И все ждали выхода Левитина. На каждый спектакль он надевал новый шарф. Выходил на сцену и режиссёрским голосом произносил: «Так надо, я уверяю вас – так надо, к чему сомненья – сомненья ни к чему…» Потом под бурные аплодисменты вальяжной походкой уходил в правую кулису и обязательно целовал в плечо Иру Богданову. И действительно – так было надо для очень-очень многих. «Ким-танго» было ритуалом театра «Эрмитаж». Витамином и для артистов, и для зрителей. Мне этого витамина явно не хватает. И вот ещё любимая левитинская тема – «Верни мне молодость, чтоб всё начать сначала», как пела в спектакле «Эрендира» по Маркесу Даша Белоусова. Конечно, такую молодость вернуть ну очень хочется. Дипломный спектакль – у Любимова на Таганке. В 21 год. Спектакль «О том, как господин Мокинпотт от своих злочастий избавился» Петера Вайса. Про него прекрасно написала Элла Михалева. Единственный случай, когда диплом дали делать в этом театре. И в ролях – Демидова, Шаповалов, Хмельницкий, Джабраилов. Музыка – Дашкевича (с ним потом Левитин и будет делать большинство своих постановок). Художник – Тата Сельвинская, которая потом напишет самый прекрасный его портрет в образе Пьеро. В распределении ролей был ещё и Высоцкий.

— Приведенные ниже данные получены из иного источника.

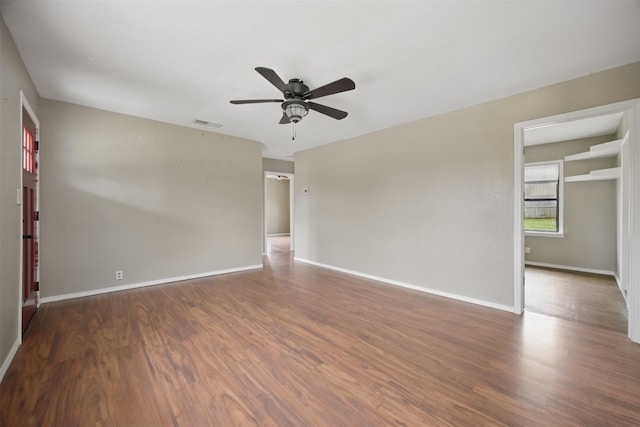 empty room with visible vents, baseboards, wood finished floors, and a ceiling fan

Смешно вспомнить, как я впервые увидела Левитина. В 1978 году он впервые пришёл к нам домой читать моему свёкру Юлию Марковичу Даниэлю свои первые рассказы. «Сегодня придут Миша с Олей, Миша будет читать, нужно, чтобы в доме было тихо, он очень нервный», – сказала моя свекровь Ирина Павловна, намекая, что неплохо бы выйти погулять с моей девятимесячной дочкой Машей. Кто это – Миша, а кто это – Оля, я, конечно, не знала. Звонок. Открываю дверь. Господи, «Доживём до понедельника». «А зори здесь тихие». Оля Остроумова. Шок. И она смотрит тем же удивлённо-лукавым взглядом, как когда она оглядывалась на уроке на Шестопала. Я думала, что такие красавицы только с принцами должны ходить, а Левитин – по моим представлениям – принцем тогда не выглядел. Но как он читал свою прозу… Во всех его книгах потом (а я просто обожаю левитинскую прозу, сочную, насыщенную, плотную, с долгим послевкусием. На свежий инжир похожа) я слышала его интонацию. Всё читаю его глазами. После этого чтения Юлий Маркович Даниэль сказал: «Миша, если вы так пишете – зачем вам театр?»
Но театр Левитина оказался очень важен не только для него, но для нас всех.